R: cluster analysis

Hierarchical Clustering

Calculate distance matrix (euclidean distance as default):

dist(tab)

Use first 3 columns:

dist(tab[,1:3])

Hierarchical clustering with euclidean distance and average linkage:

hc <- hclust(distance_matrix)

Print the dendrogram:

plot(as.dendrogram(hc))

Dendrogram function with different graphic options:

library(ggdendro)
ggdendrogram(hc, theme_dendro = FALSE)

Another dendrogram option:

library(devtools)
myplclust(hc, lab.col = unclass(tab$col))  #lab.col to color based on column value
abline(h=1.5,col="red")   #dendrogram cut

K-Means Clustering

k-means non-hierarchical clustering with two groups:

kmeans(tab,centers=2)

Exclude columns 11 and 12 and divide into 5 groups:

Clust <- kmeans(tab[,-c(11:12)], centers=5)

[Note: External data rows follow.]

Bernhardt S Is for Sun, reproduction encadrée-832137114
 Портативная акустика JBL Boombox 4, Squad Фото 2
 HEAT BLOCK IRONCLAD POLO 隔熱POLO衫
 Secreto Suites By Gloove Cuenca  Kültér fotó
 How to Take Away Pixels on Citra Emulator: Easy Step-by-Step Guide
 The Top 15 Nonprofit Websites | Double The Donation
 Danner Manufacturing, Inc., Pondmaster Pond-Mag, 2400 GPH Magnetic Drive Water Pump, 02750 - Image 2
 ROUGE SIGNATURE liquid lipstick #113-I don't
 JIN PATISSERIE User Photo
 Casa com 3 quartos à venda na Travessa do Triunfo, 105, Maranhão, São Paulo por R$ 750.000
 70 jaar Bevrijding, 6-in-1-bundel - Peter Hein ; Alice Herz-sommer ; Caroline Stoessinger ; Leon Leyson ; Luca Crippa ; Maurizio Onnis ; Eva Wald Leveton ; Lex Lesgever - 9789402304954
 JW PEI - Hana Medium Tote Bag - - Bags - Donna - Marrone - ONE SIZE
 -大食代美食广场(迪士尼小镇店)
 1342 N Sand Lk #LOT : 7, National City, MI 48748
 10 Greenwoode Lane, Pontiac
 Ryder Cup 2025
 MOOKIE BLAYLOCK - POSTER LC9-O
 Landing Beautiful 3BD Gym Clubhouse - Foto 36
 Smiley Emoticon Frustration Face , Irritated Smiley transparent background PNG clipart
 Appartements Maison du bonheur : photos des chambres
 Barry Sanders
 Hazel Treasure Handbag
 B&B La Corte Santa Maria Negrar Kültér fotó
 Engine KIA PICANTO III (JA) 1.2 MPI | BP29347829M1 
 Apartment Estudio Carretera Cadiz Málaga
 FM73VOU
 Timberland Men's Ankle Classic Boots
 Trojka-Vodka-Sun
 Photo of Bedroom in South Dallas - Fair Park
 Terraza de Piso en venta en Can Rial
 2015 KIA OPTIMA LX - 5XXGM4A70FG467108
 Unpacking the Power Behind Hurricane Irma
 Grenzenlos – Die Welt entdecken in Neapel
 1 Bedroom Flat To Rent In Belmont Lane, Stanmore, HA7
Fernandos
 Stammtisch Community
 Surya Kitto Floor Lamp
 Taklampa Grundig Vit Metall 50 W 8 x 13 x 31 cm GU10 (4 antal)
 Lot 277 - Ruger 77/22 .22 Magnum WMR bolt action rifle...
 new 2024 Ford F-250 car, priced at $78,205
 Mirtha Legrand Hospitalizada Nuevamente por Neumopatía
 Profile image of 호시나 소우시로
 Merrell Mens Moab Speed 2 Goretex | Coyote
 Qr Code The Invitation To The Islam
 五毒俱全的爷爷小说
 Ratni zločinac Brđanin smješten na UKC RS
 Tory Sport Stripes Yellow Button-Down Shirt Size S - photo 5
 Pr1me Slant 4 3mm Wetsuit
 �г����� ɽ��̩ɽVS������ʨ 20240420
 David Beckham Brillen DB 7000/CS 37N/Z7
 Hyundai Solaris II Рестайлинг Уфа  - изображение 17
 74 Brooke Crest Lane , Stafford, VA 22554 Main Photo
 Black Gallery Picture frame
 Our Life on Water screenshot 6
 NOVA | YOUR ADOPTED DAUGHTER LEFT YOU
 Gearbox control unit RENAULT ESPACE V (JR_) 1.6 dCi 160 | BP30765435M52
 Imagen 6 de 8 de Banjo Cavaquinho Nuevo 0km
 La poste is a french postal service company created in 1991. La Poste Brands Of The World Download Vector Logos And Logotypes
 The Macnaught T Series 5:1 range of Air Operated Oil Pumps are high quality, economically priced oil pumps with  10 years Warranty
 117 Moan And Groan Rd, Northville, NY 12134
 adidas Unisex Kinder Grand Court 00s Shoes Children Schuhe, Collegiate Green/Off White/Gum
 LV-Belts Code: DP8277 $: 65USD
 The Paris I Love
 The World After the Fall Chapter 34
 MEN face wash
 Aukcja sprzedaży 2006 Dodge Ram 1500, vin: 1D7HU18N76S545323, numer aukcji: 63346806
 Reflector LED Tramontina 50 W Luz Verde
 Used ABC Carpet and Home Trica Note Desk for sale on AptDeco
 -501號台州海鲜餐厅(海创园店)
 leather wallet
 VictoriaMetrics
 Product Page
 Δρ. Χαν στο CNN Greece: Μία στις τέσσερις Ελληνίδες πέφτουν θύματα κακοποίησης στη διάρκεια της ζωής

Built a table having every different version of col for columns and the different groups as rows, to see how the col value are distributed inside the groups:

table(Clust$cluster, tab$col)

Other useful parameters:

  • iter.max: max iteration number before stop.

  • nstart: different number of centroids to stard. nstart = 100 means 100 different test with different centroids, then it can choose the best.